Tuesday, July 4, 2017

Python and Performance

Real Question:

One of the standard problems that keeps coming up over and over is the parsing of url's. A sub-problem is the parsing of domain and sub-domains and getting a count.

For example


It would be nice to parse the received file and get counts like

.com had 15,323 count
.google.com had 62 count
.theatlantic.com had 33 count

The first code snippet would be in Python and the other code snippet would be in C/C++ to optimize for performance.

---------

Yes. They did not even try to look in the standard library for urllib.parse.
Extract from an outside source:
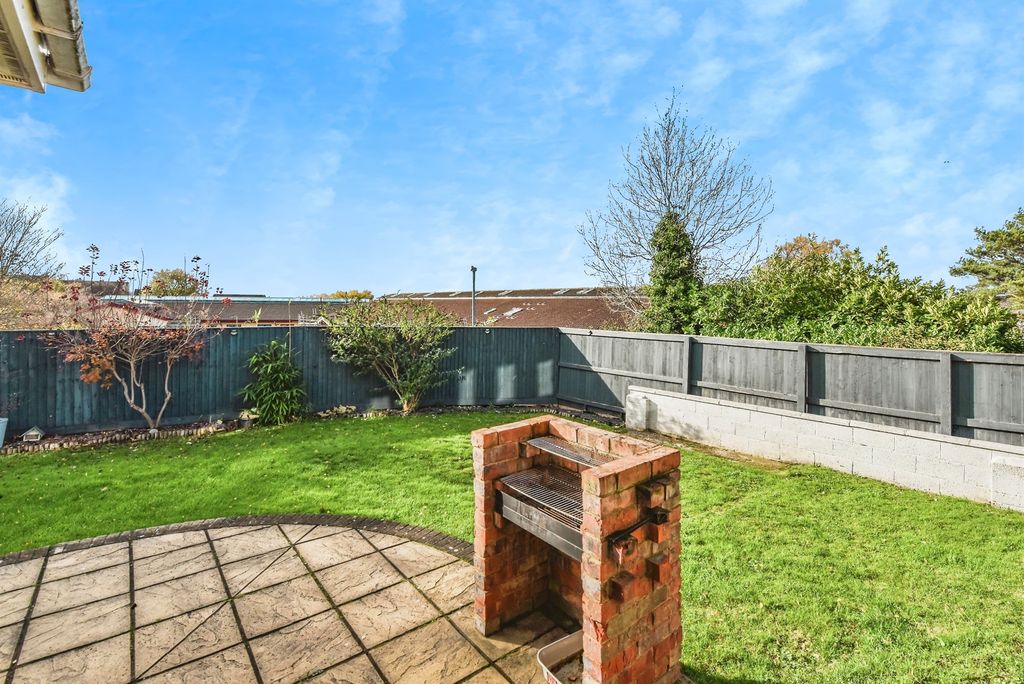 Property photo 3 of 21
The general problem has already been solved; it can be exploited in a single line of code.

The line can be long-ish, so it can help to use a lambda to make it a little easier to read. The code is below.

The C/C++ point about "optimize for performance" bothers me to no end. Python isn't very slow. Optimization isn't required.

I made 16,000 URL's. These were not utterly random strings, they were random URL's using a pool of 100 distinct names. This provides some lumpiness to the data. Not real lumpiness where there's a long tail of 1-time-only names. But enough to exercise collections.Counter and urllib.parse.urlparse().

Here's what I found. Time to parse 16,000 URLs and pluck out the last two levels of the name?

CPU times: user 154 ms, sys: 2.18 ms, total: 156 ms
Wall time: 157 ms

32,000?

CPU times: user 295 ms, sys: 6.87 ms, total: 302 ms
Wall time: 318 ms

At that pace, why use C?

I suppose one could demand more speed just to demand more speed.

Here's some code that can be further optimized.

top = lambda netloc: '.'.join(netloc.split('.')[-2:])
random_counts = Counter(top(urllib.parse.urlparse(x).netloc) for x in random_urls_32k)

The slow part of this is the top() function. Using rsplit('.', maxsplit=2) might be better than split('.'). A smarter approach might be find all the "." and slice the substring from the next-to-last one. Something like this, netloc[findall('.', netloc)[-2]:], assuming a findall() function that returns the locations of all '.' in a string.

Of course, if there is a problem, using a numpy structure might speed things up. Or use dask to farm the work out to multiple threads.